Paychex et Paylocity vendent le même service, la paie et les ressources humaines en ligne pour les entreprises américaines, mais notre grille ne leur donne pas la même note. Paychex est plus rentable, Paylocity croît plus vite et encaisse son argent presque instantanément. Ce point d'écart n'est pas cosmétique, il se mesure.

À retenir

Deux entreprises du même métier, deux notes différentes

J'ai déjà publié une thèse complète sur Paychex (PAYX) et une autre sur Paylocity (PCTY). Les deux entreprises font strictement le même métier : elles gèrent la paie, les impôts sur salaires, les avantages sociaux et une partie des ressources humaines pour des entreprises américaines qui n'ont pas les moyens ou l'envie de le faire elles mêmes.

Sur mon site, Paychex obtient une note de qualité de 9 sur 10. Paylocity obtient 10 sur 10, la note quasiment sans réserve. Un point d'écart, ça peut sembler négligeable. Ce n'est pas le cas. Cet article compare les deux tête à tête, ligne par ligne, pour te montrer exactement ce qui sépare une très bonne entreprise d'une entreprise presque parfaite selon notre grille.

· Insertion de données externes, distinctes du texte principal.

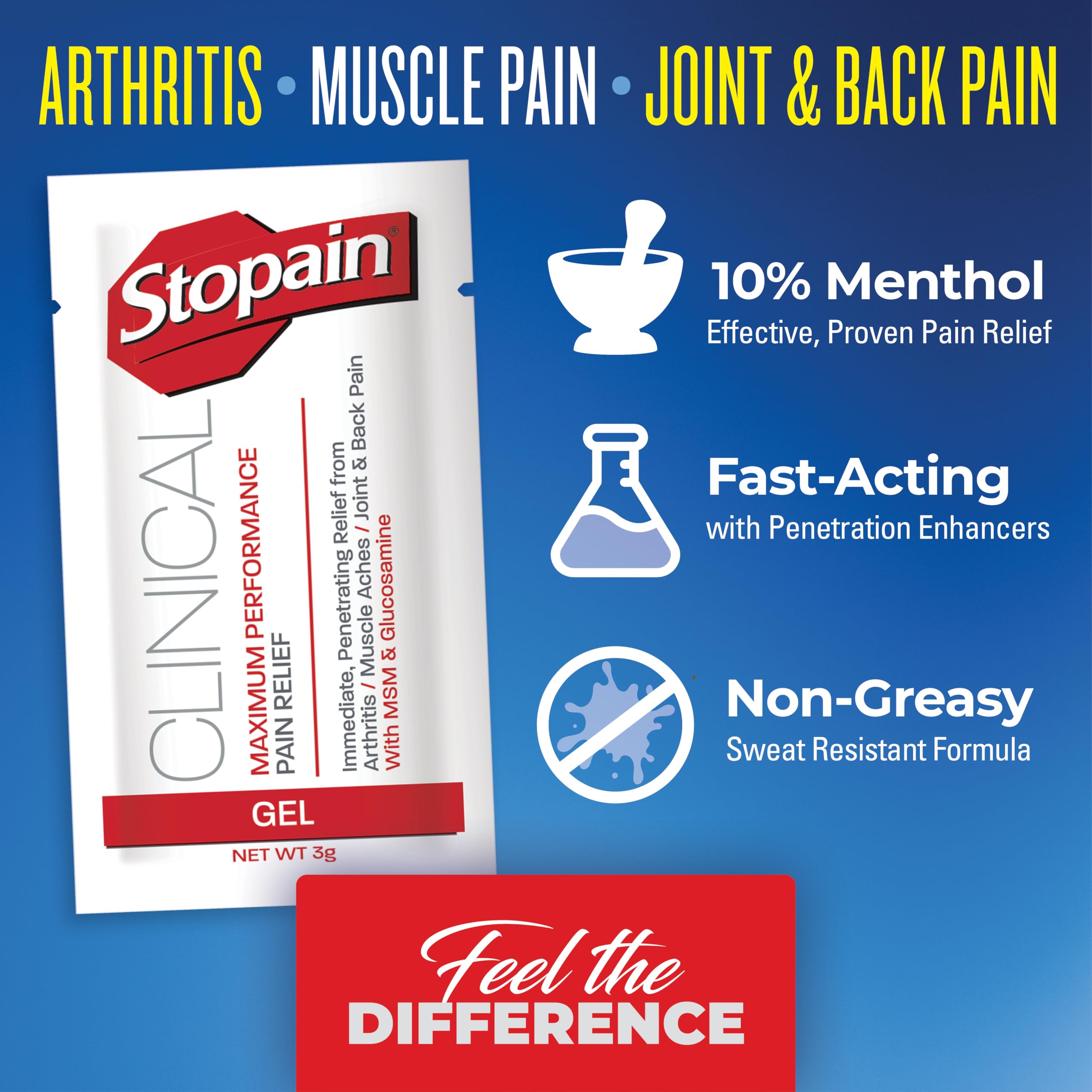 Stopain Pain Relief Clinical Gel Packets, Made in USA, Maximum Performance Pain Relief with 10% Menthol Plus Glucosamine for Muscle Aches, Joint Pain, and Arthritis (100 Pack) Stopain buy supplements canada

Le même métier, deux histoires différentes

Paychex existe depuis 1971. Cinquante ans de croissance, en grande partie par rachats : l'entreprise a acheté des dizaines de sociétés de paie, d'assurance et de gestion des avantages sociaux pour construire une offre tentaculaire, jusqu'au PEO (professional employer organization), une formule où Paychex devient littéralement l'employeur administratif de ses clients. Elle sert aujourd'hui plus de 740 000 entreprises, en grande majorité des très petites structures.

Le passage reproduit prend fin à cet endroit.